Alat Politik Alternative Sebagai Solusi bagi Rakyat

Dalam situasi negara di bawah kekuasaan kelas borjuasi (elit politik borjuasi) sudah menjadi kebutuhan yang mendesak bagi rakyat untuk menyatukan diri dalam satu alat plitik alternative. Alat politik alternative yang diusung dan dibentuk dari keinginan dan kebutuhan rakyat secara murni berdasarkan kesadaran dan prespektif politik maupun ideologis rakyat. Menjadi alat yang akan memperjuangkan kepentingan rakyat (buruh, buruh tani, nelayan, kaum miskin kota, mahasiswa dll) yang siap berhadap-hadapan dan tampa kompromi melawan elit politik borjuasi. Berdasarkan perspektif dan kesadaran politik maupun ideologisnya tidak akan mau berkolaborasi atau menitipkan nasibnya kepada elit politik, namun dengan alat politik tersebut rakyat menentukan takdir dan nasibnya sendiri.
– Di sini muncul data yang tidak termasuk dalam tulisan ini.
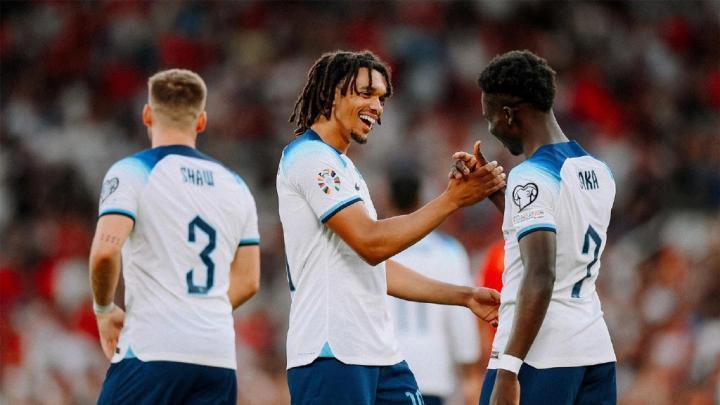 利物浦球员国家队战报：阿诺德20场里程碑献助攻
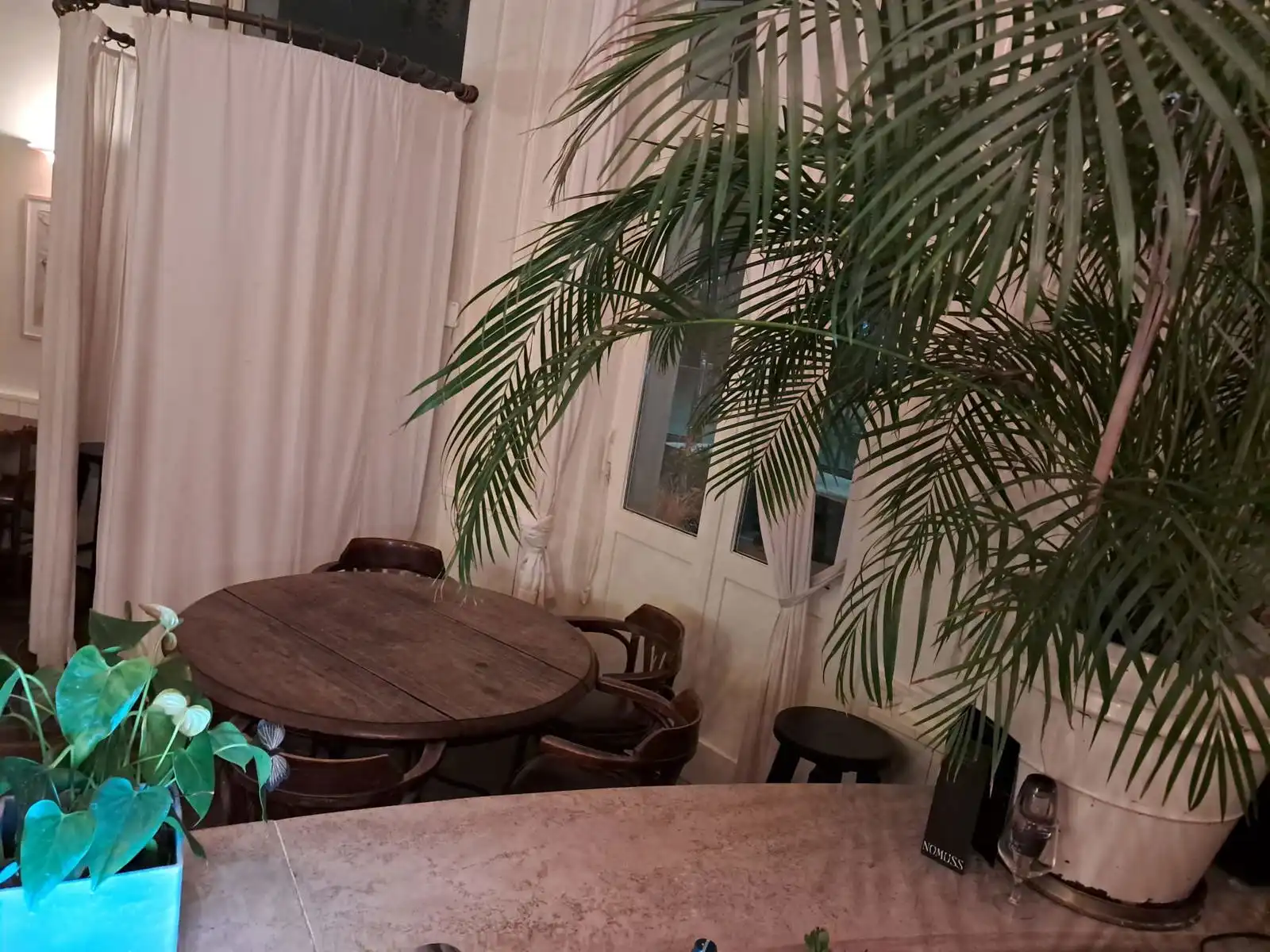 Handelsfonds te koop op iconische locatie te Antwerpen Zuid foto 5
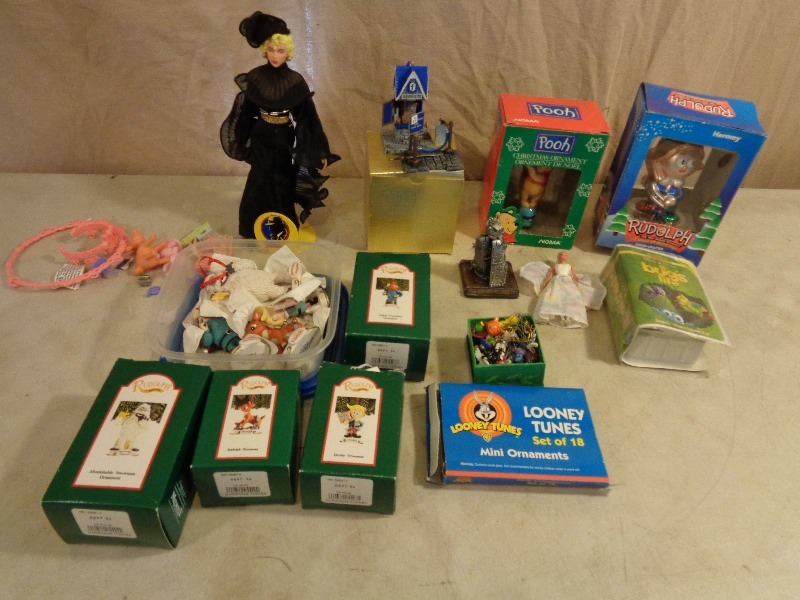 lot 127 image: Colector Ornaments and More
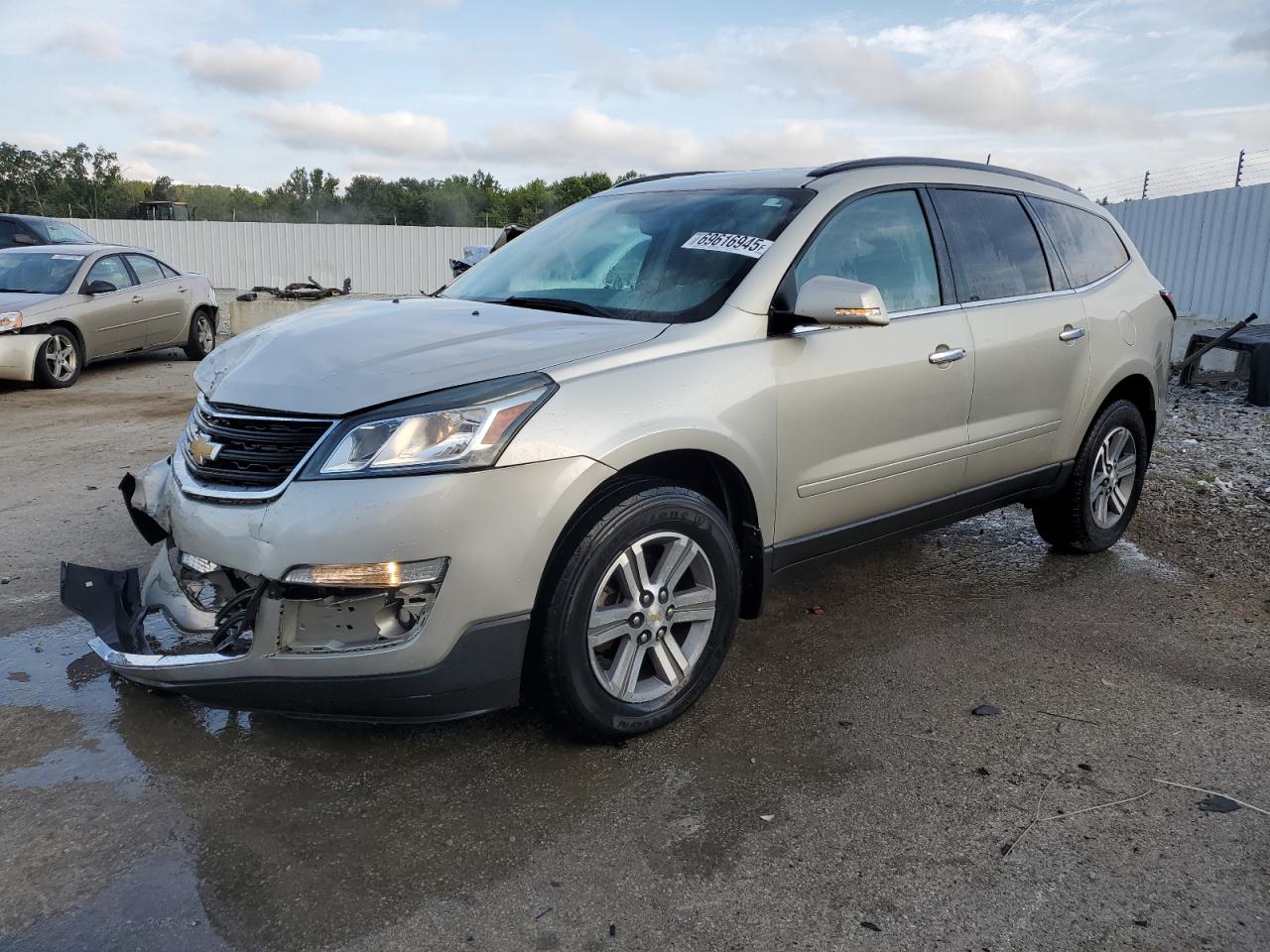 2015 CHEVROLET TRAVERSE LT | 1GNKRHKD4FJ101839 | UPCARS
Bagi saya, ketika kita mampu merumuskan suatu permaslahan yang terjadi dengan analisa yang jelas yaitu Indonesia dikuasai oleh elit-elit borjuasi yang propasar bebas dan antirakyat, maka mau tidak mau, suka tidak suka, kita harus membangun alat politik alternative yang hanya berbicara kepentingan rakyat, karena kita tidak akan mau lagi menitipkan nasib kita pada tangan-tangan mereka (elit borjuasi).